======== DATA SUPPLIED ========
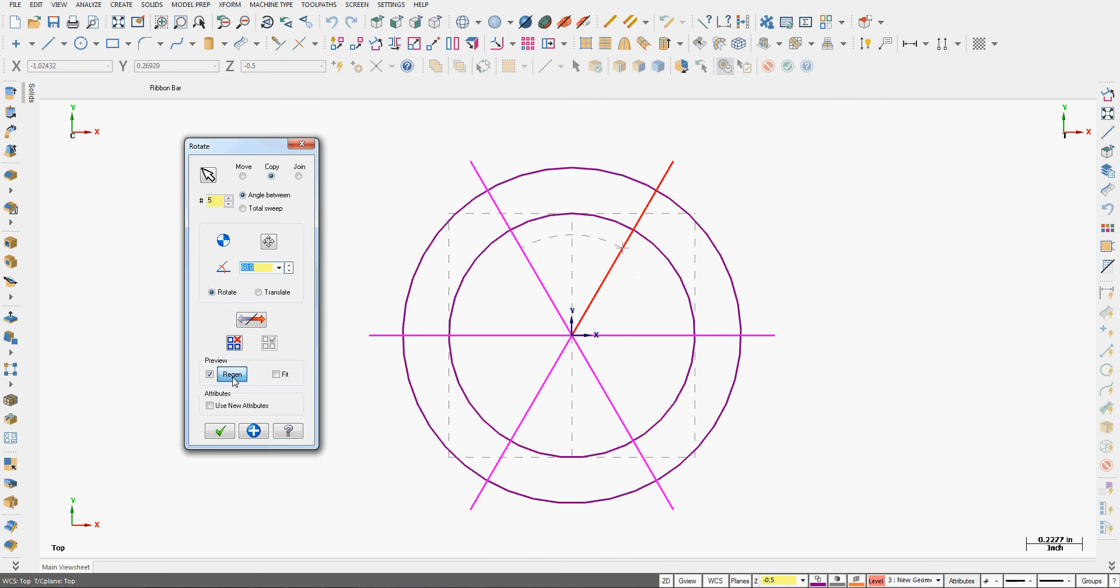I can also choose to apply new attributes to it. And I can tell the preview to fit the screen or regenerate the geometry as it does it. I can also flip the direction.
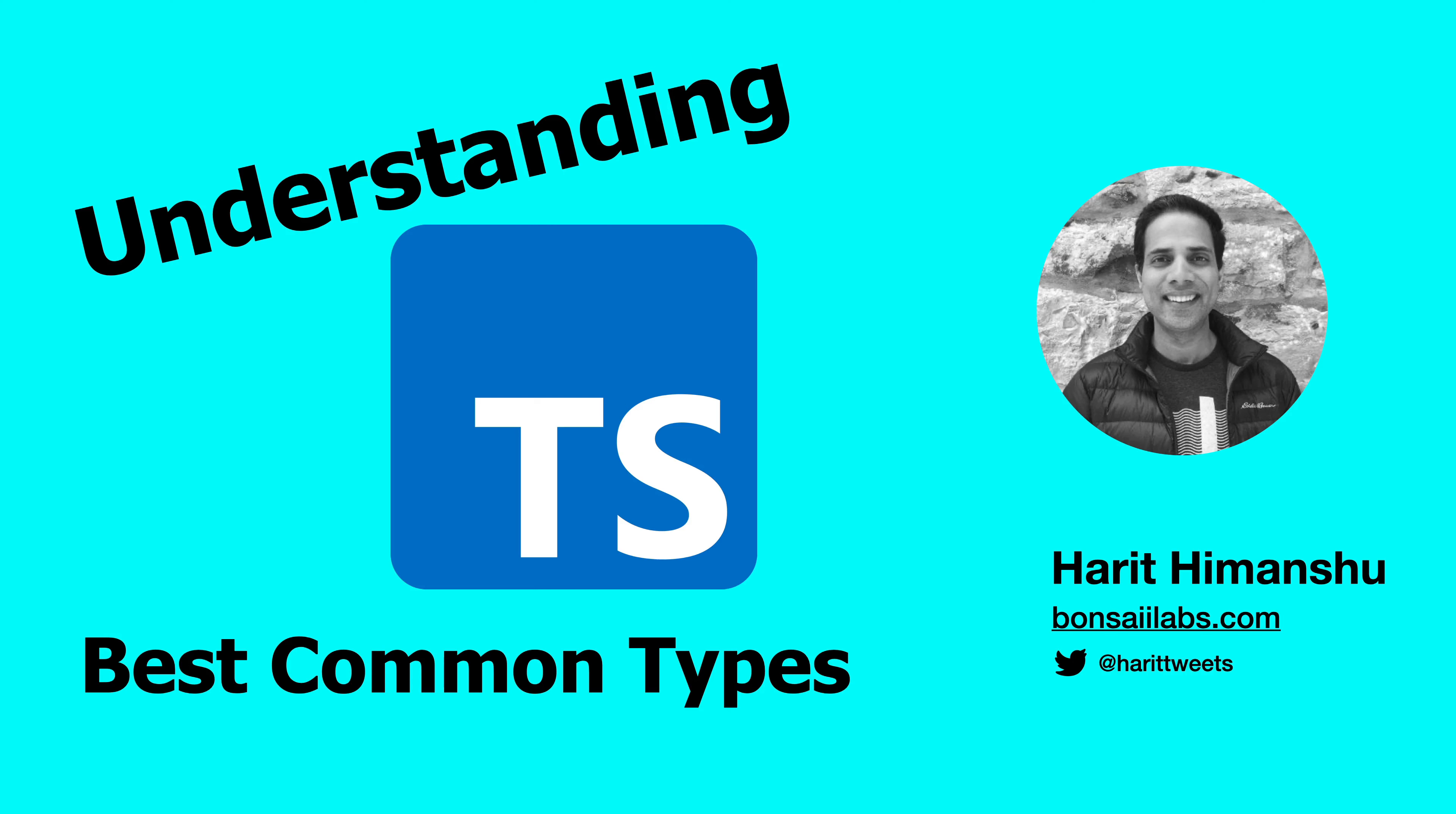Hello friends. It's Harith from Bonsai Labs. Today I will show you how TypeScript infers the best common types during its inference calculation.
========
======== DATA SUPPLIED ========
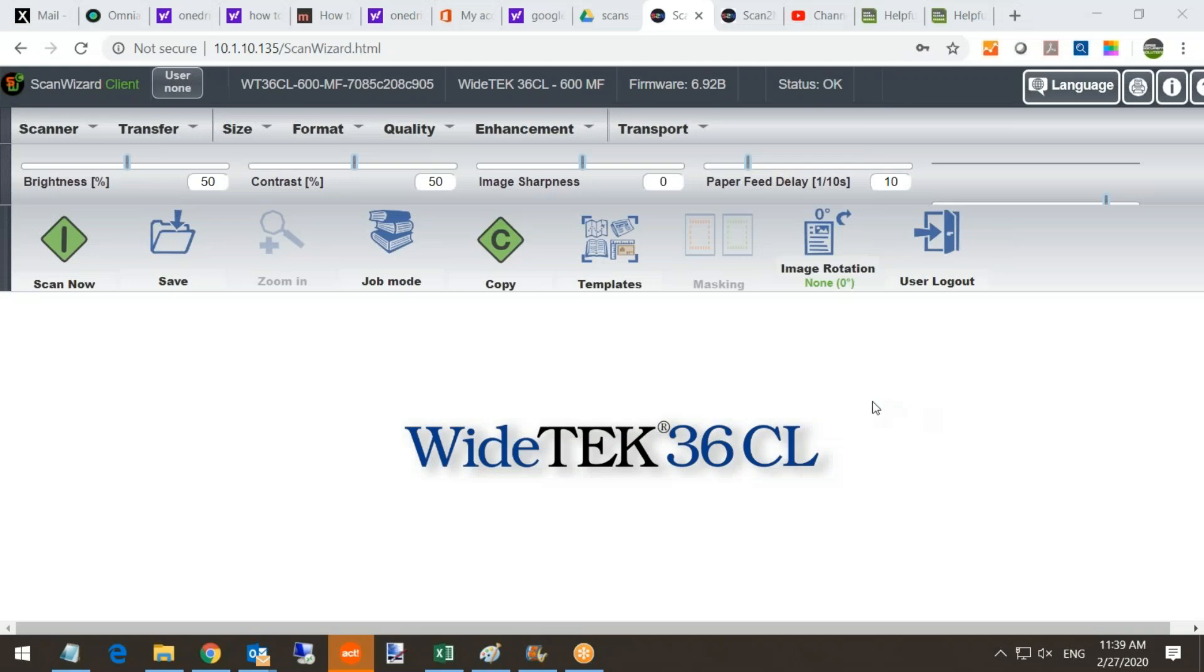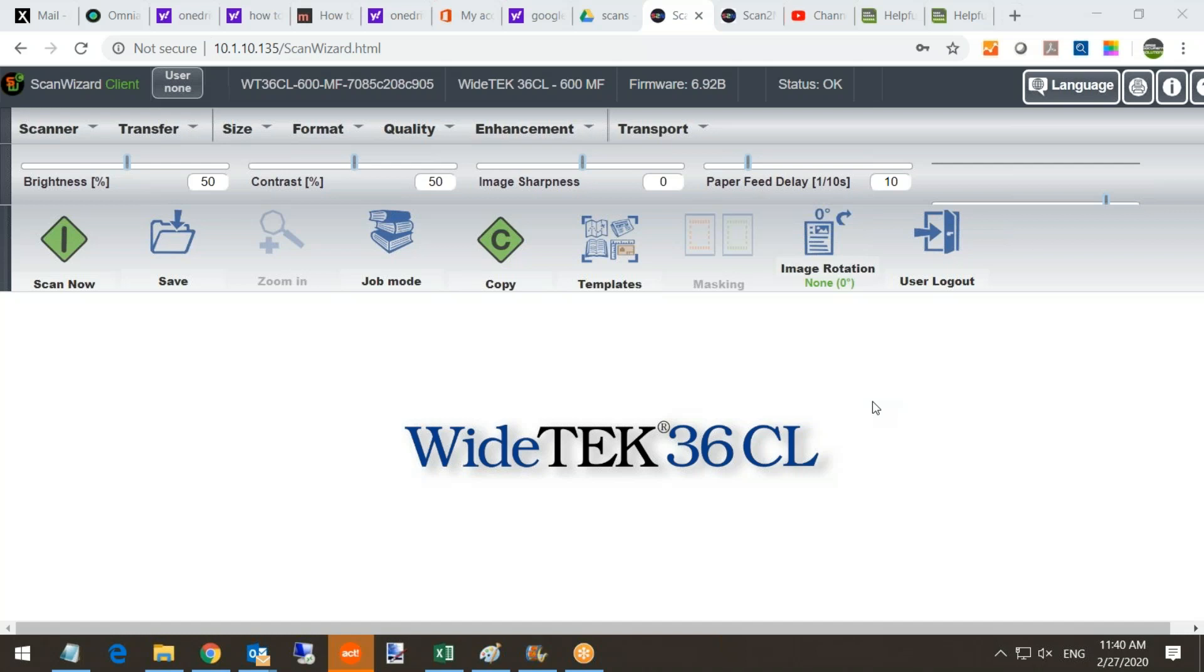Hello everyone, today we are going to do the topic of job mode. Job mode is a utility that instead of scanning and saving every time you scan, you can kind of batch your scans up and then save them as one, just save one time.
========
======== DATA SUPPLIED ========
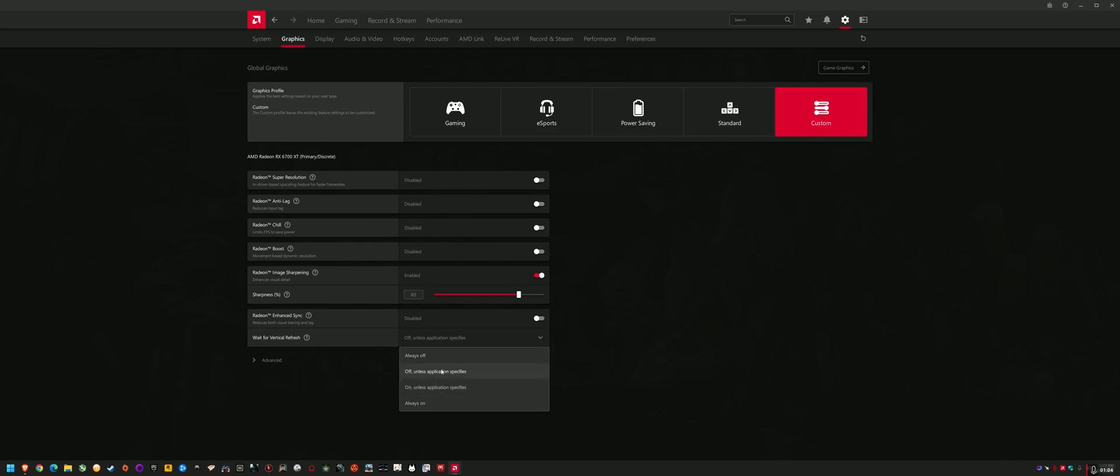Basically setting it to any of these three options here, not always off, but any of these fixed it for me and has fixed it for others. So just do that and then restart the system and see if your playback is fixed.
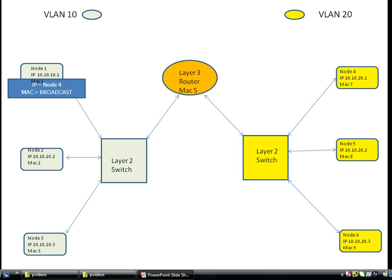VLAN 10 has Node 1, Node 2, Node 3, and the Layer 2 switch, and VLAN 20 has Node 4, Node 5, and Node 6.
========
- WHAT THE TASK REQUIRES:
Reproduce the listing above exactly from the line containing "I can also choose" up to and including the line containing "Hello friends. It's", omitting any images and everything outside those lines.

- TASK RESULT:
I can also choose to apply new attributes to it. And I can tell the preview to fit the screen or regenerate the geometry as it does it. I can also flip the direction.
Hello friends. It's Harith from Bonsai Labs. Today I will show you how TypeScript infers the best common types during its inference calculation.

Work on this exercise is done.